Thomas Middelhoff gibt im Interview zu verstehen, dass er erst ganz unten landen musste, um zu verstehen, was im Leben wirklich wichtig ist und was wirklich trägt. Auf die Frage, was der Weg von einem der angesehensten Top-Manager Deutschlands bis nach ganz unten ins Gefängnis mit ihm gemacht habe, antwortet der 65-jährige u. a.:

„Das ist eine Entwicklung, die im Ergebnis zu einem bewussteren Leben führt und zu einer anderen Definition von Glück, die mit materiellen Dingen eigentlich nichts mehr zu tun hat.“

Weiter betont er, dass er sich seither in seiner Persönlichkeitsstruktur und in Bezug auf seine charakterlichen Eigenschaften verändert habe.

In seiner Zeit als Spitzenmanager hab er immer mehr gearbeitet, zuletzt bis zu 90 Stunden in der Woche, ohne Orientierung an bleibenden, tragenden Werten. Dazu sagt er:

„Ja, das war eine Art Sucht. Was ich nicht verstanden hatte: Je inhaltsleerer ich eigentlich war, desto mehr wollte ich immer noch obendrauf legen – immer noch mehr Arbeit, immer noch mehr materielle Dinge, für die ich sowieso keine Zeit hatte.“

Er habe sich dabei selbst überholt, so Middelhoff rückblickend.

Wirkliche Erfüllung habe er dagegen bei seiner Arbeit in einer Werkstatt für behinderte Menschen (WfbM) in den v. Bodelschwinghschen Stiftungen Bethel gefunden, so der frühere Bertelsmann- und Arcandor/Karstadt-Quelle-Manager. Wenn er heute noch einmal für das Führungsstruktur-Konzept von Bertelsmann verantwortlich wäre, würde er die Führungsnachwuchskräfte für vier bis sechs Wochen in die Werkstatt für behinderte Menschen nach Bethel schicken und ihnen sagen:

„Lernt Demut! Kümmert Euch um diese Menschen! Baut eine Beziehung auf! Ich bin sicher, dass man dann bei der Entscheidung, ob man Arbeitsplätze abbaut, etwas nachdenklicher sein würde.“

Jungen Führungskräften rät er heute aufgrund seiner gesammelten Erfahrung:

„Behaltet euren Charakter! Lasst euch nicht einreden, dass Ihr eine Entscheidung umsetzen müsst, nur um etwas zu beweisen. Lasst den nächsten Schritt aus, wenn es Eurem Charakter widerstrebt.“

Sich selbst gesteht er reumütig ein, dass er all das als Spitzenmanager „leider nicht gemacht“ habe.

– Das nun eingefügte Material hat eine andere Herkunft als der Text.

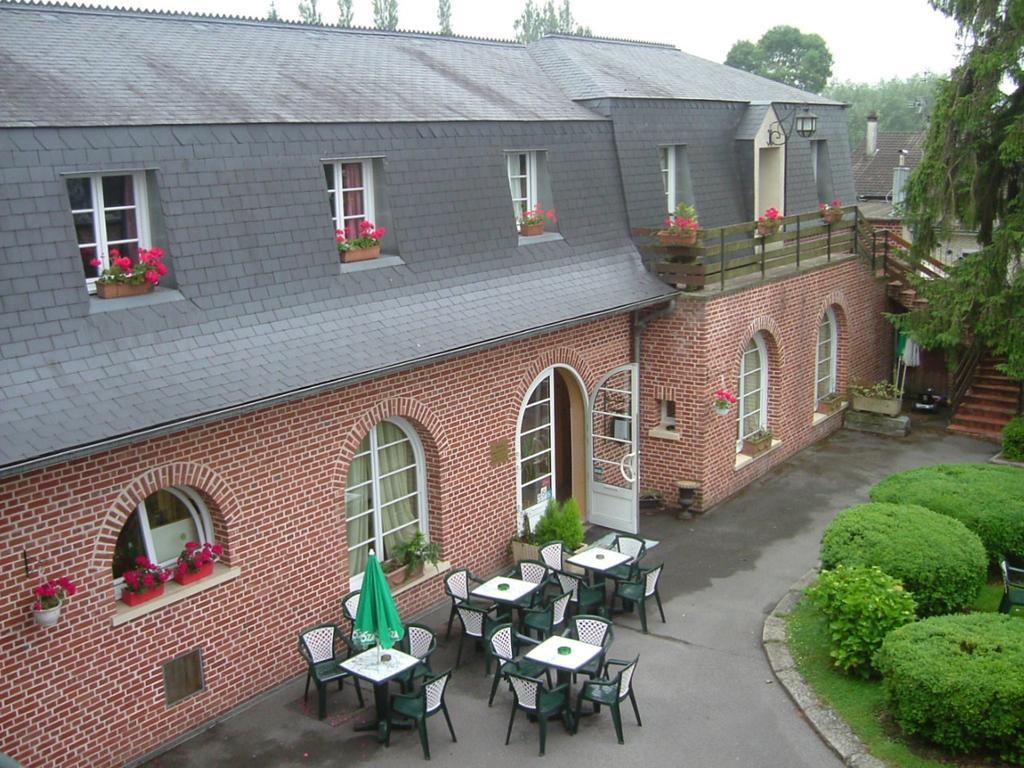 Hotel Le Clos Du Montvinage Étréaupont Dış mekan fotoğraf
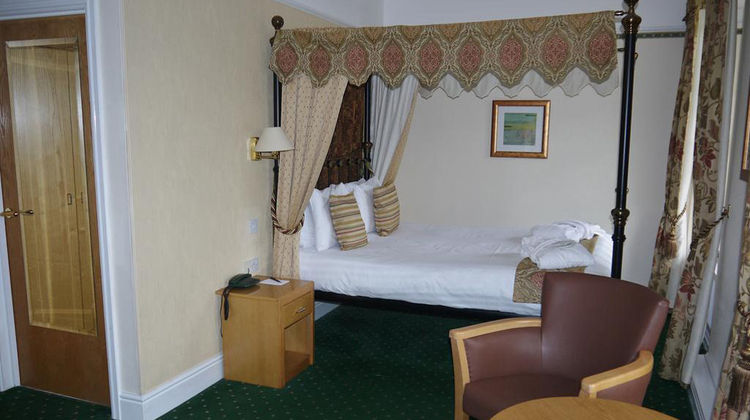 Royal Victoria Hotel Room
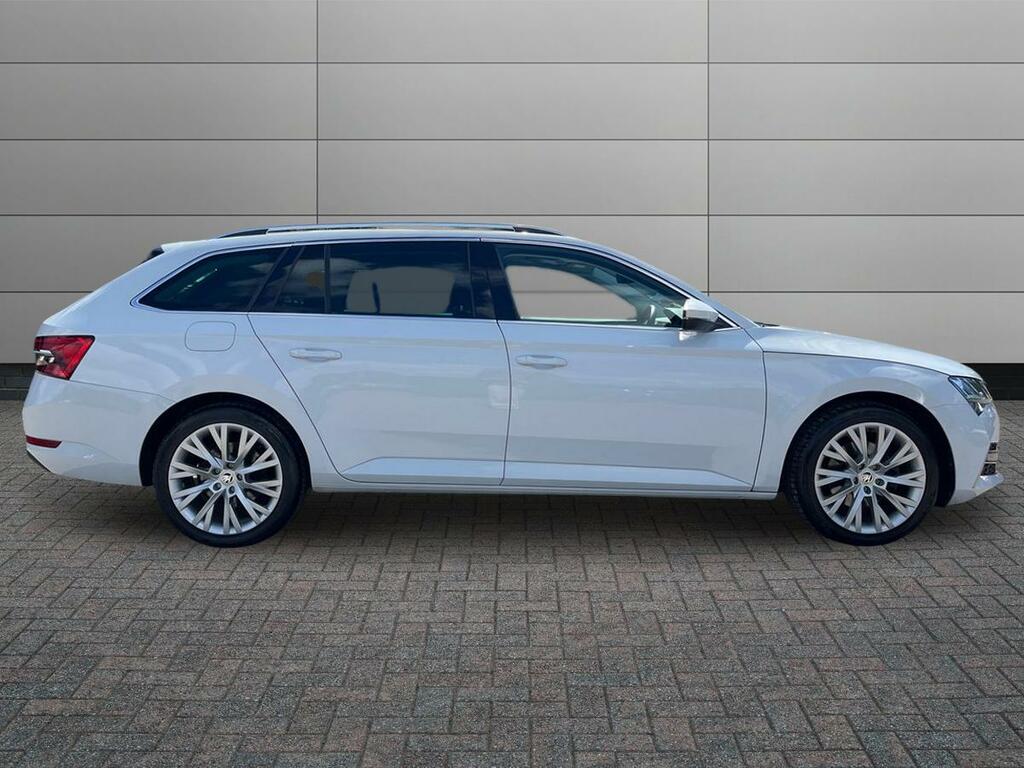 Skoda Superb 1.4 Tsi Iv 13Kwh Se L Estate Plug-in Hy White #5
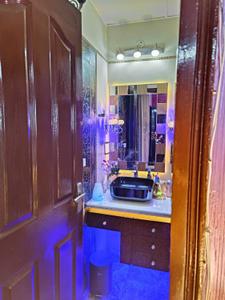 Bathroom Image of 1025 Sq.ft 2.5 BHK Apartment / Flat for sale in Gaurs Homes Elegante, Govindpuram Ghaziabad for Rs. 5800000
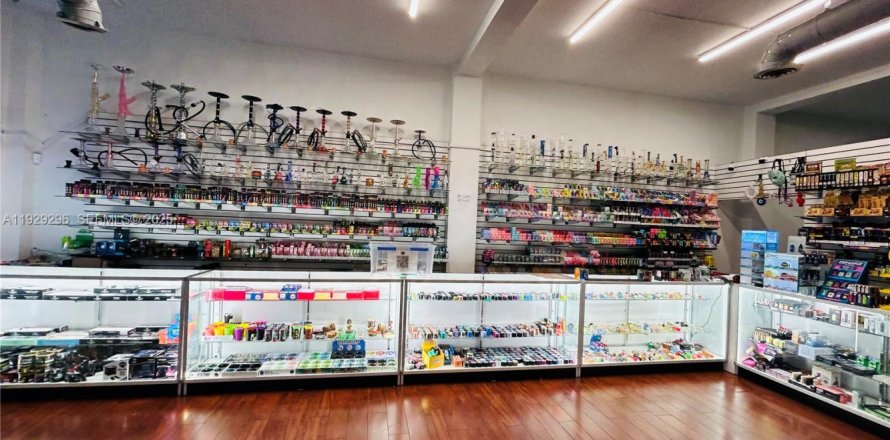 Immobilier commercial à Miami, Floride № 1987376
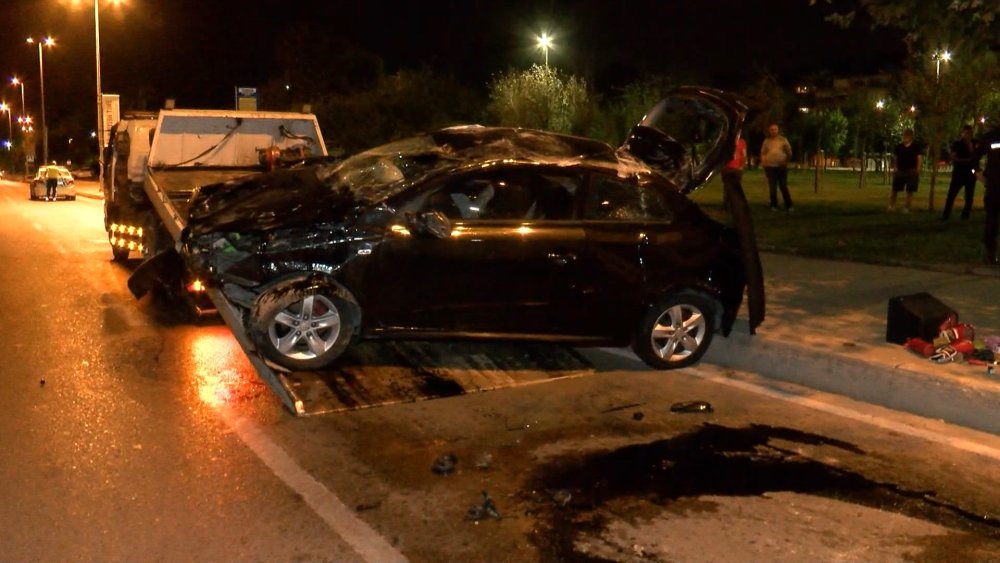 Arkadaşından aldığı otomobille takla attı!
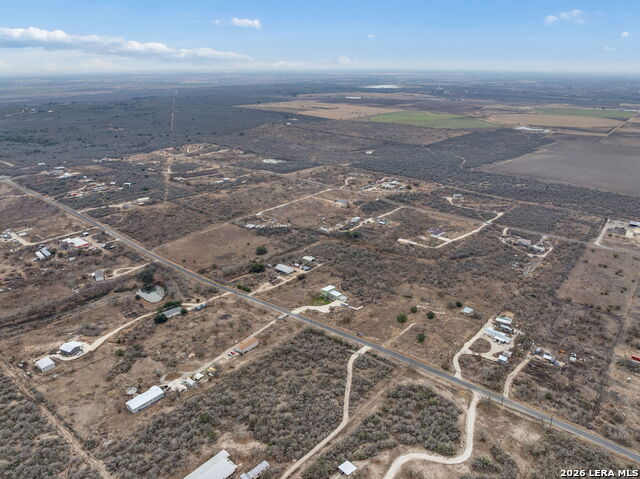 Listing photo id 77 for 300 County Road 5781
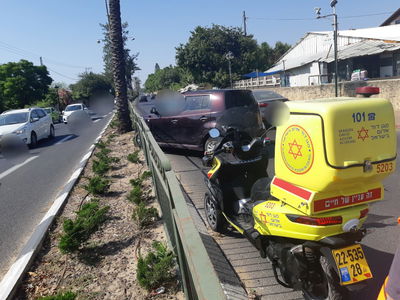 נהג חרדי לקה בליבו - ופגע בגדר ההפרדה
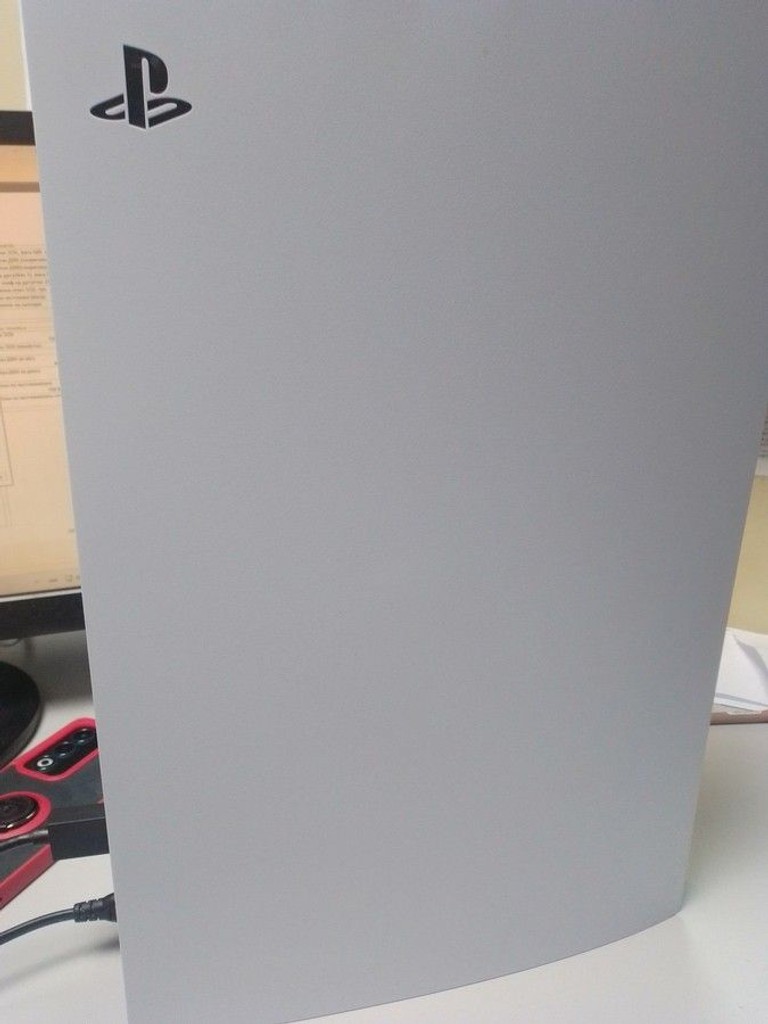 Купить Sony PlayStation 5 825GB Б/У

Das Streben nach materiellen Dingen relativiert er heute aus eigener Erfahrung. Wenn Menschen über einen Ferrari oder eine Yacht bei St. Tropez staunen, dann könne er sagen: „Mein Gott, wenn Ihr das hättet – Ihr wärt nicht glücklich. Denn ich weiß es! Es macht nicht glücklicher“, so Middelhoff.

Diese im Interview mit dem Kölner Stadtanzeiger formulierte neue Lebensorientierung erhielt Thomas Middelhoff durch seine Beziehung zu Gott, die er im Gefängnis suchte und fand. Darüber sprach er im Mai 2018 auf dem 101. Katholikentag in Münster bei einem Podiumsgespräch. Im Gefängnis habe er seinen in der Kindheit vermittelten katholischen Glauben, der eine lange Zeit in seinem Leben keine Rolle gespielt habe, wiedergefunden. Dort habe er regelmäßig in der Bibel gelesen und täglich den Rosenkranz gebetet. Auch sei er zum ersten Mal seit seinem 16. Lebensjahr wieder zur Beichte gegangen.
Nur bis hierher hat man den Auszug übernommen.